Central Government liabilities are expected to amount to Rs 155,000,000,000 in FY23
In a written response to a question posed to the Lok Sabha on July 25, Minister of State for Finance Pankaj Chaudhary said overall central government liabilities are expected to increase to Rs155.33 lakh crore in FY23.
This will be an increase of Rs138.88 lakh crore or 12% from the FY22 total. In FY23, the Center plans to issue bonds to raise a market record gross borrowing amount of Rs14.95 lakh crore. As of July 25, the federal government had 84.45 lakh crore in securities outstanding.
In his response, Chaudhary said the government’s debt risk profile “stands out as safe and reasonable in terms of accepted standards of indicator-based approach to debt sustainability.”
“The majority (about 95%) of public debt is held in local currency. Multilateral and bilateral organizations provide low-cost financing for outstanding external debt,” the minister said.

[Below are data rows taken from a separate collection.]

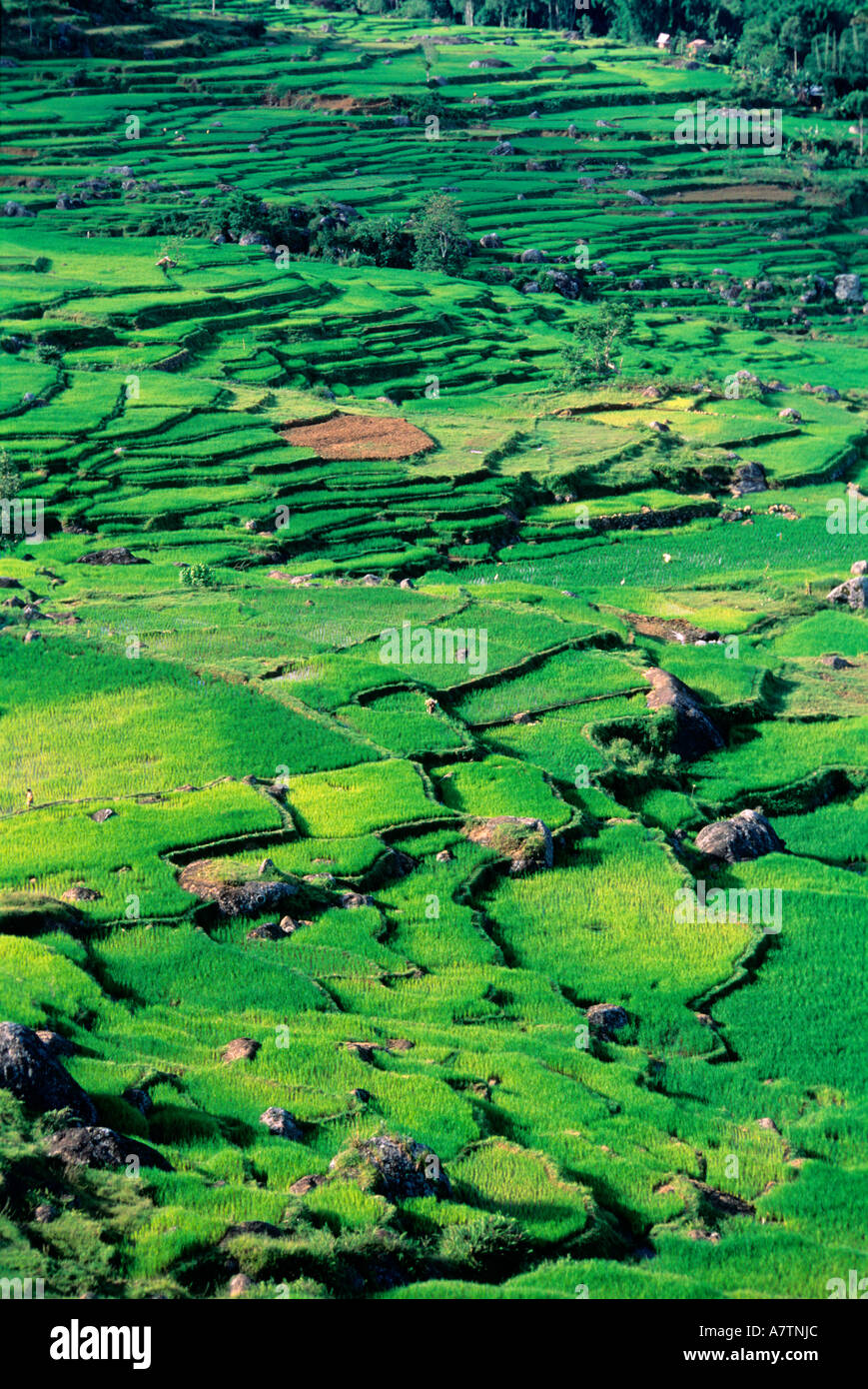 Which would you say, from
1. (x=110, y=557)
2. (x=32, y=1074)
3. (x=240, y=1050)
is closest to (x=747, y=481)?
(x=110, y=557)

Interestingly, the Centre’s liabilities are expected to reach 60.2% of GDP in FY23. The Centre’s liabilities decreased to 58.7% of GDP in FY22 as the economy was recovering from the coronavirus outbreak, after peaking at 61.6% of GDP in FY21.

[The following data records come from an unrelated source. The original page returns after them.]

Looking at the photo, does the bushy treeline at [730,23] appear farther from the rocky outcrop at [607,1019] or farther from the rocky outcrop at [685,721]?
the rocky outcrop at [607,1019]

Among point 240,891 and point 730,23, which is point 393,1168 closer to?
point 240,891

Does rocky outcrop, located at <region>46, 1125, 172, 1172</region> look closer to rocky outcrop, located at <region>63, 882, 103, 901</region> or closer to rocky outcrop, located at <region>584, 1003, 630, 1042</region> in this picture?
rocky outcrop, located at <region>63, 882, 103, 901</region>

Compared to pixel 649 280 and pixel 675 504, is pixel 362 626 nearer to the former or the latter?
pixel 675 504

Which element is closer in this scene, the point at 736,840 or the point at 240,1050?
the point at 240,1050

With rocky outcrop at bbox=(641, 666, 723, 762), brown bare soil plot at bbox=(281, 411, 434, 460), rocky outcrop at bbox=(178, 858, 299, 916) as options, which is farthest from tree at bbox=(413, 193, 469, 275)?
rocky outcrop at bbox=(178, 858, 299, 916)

Not only by rating agencies but also by technocrats, India’s public debt has often been recognized as a major economic vulnerability. Fitch Ratings said India’s public finances “remain a credit vulnerability” in June this year, even though it raised its outlook on India’s rating from negative to stable.
The Center will issue bonds this year to finance its expenses, borrowing a record amount on the markets. It aims for a budget deficit of 6.4% of GDP. 20 basis points lower than the updated target of 6.9%, the fiscal deficit in FY22 was 6.7% of GDP.
According to Chaudhary’s response to another question, the combined federal and state government liabilities in FY22 were Rs195.49 lakh crore or 82.6% of GDP. It was not anticipated how much state government liabilities might increase in FY23.